Park in Santa Monica, California, United States

Douglas Park is a 10.7 acre park in Santa Monica, California. Formerly the site of an aircraft factory and movie studio lot, the park is named after Donald Douglas and hosts a number of facilities, including a bowling green and Los Angeles County's largest municipal pond.

==History==
Prior to construction, the site had been used as an aircraft factory for the Douglas Aircraft Company and a movie studio lot. However, the size of the surrounding trees limited the size of planes that could depart from the factory and made it difficult for pilots to take off from the factory, requiring some planes to be wheeled through the streets of Santa Monica. Thus, in 1927, the factory was relocated to Clover Field, now known as the Santa Monica Airport.

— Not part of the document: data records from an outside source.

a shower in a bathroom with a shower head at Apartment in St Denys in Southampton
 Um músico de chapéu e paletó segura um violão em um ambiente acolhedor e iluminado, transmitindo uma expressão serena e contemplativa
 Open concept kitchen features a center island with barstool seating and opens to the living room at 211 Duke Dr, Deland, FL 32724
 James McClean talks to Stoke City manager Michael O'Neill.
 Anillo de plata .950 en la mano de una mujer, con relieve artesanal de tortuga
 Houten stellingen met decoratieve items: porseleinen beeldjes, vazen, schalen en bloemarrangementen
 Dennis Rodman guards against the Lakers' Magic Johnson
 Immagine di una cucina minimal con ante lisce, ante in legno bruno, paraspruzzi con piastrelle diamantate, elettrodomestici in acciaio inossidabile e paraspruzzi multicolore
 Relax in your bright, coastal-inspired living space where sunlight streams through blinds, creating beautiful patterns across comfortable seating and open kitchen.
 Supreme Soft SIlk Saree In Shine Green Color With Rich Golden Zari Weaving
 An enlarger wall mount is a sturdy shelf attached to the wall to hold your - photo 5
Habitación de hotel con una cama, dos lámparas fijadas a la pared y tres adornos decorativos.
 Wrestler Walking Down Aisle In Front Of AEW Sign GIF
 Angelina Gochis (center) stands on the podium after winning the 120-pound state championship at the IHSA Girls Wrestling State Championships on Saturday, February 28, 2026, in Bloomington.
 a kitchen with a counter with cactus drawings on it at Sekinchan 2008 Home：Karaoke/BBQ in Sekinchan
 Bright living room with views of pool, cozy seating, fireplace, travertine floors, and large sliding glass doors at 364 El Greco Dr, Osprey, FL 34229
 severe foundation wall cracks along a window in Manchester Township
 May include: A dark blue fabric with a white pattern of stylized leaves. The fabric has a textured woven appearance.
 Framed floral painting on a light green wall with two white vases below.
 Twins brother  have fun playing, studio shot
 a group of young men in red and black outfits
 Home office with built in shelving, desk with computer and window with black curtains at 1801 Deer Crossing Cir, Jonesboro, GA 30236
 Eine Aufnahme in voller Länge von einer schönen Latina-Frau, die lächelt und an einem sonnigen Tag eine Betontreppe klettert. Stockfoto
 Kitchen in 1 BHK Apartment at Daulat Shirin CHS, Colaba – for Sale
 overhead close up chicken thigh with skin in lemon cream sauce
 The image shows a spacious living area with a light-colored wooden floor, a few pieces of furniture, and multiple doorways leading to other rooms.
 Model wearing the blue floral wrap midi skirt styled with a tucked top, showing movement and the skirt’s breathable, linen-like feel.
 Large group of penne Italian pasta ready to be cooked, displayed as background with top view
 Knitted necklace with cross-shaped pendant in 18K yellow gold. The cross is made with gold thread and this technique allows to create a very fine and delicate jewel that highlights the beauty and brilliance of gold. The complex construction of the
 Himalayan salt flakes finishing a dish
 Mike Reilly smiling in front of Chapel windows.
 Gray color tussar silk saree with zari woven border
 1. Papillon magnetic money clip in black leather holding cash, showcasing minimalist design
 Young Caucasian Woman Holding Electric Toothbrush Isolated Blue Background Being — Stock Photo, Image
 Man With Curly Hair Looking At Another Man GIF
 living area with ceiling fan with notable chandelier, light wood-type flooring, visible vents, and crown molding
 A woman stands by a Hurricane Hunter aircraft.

Following the closure of the factory, Santa Monica elected to transform the land into a park. Ed Howard was selected as the architect. Construction on the park began in 1931 and was completed in 1933. The park was originally named Padre Park before being renamed to acknowledge Donald Douglas, the founder of the Douglas Aircraft Company.

==Facilities==
The park hosts a number of facilities including two tennis courts, picnic tables, a playground, a clubhouse, three reflecting pools, and a lawn bowling green. The park's bowling greens are particularly popular and host the Santa Monica Bowls Club. The park's man-made waterscape is also the largest municipal pond in Los Angeles County and hosts a variety of ducks, turtles, and fish.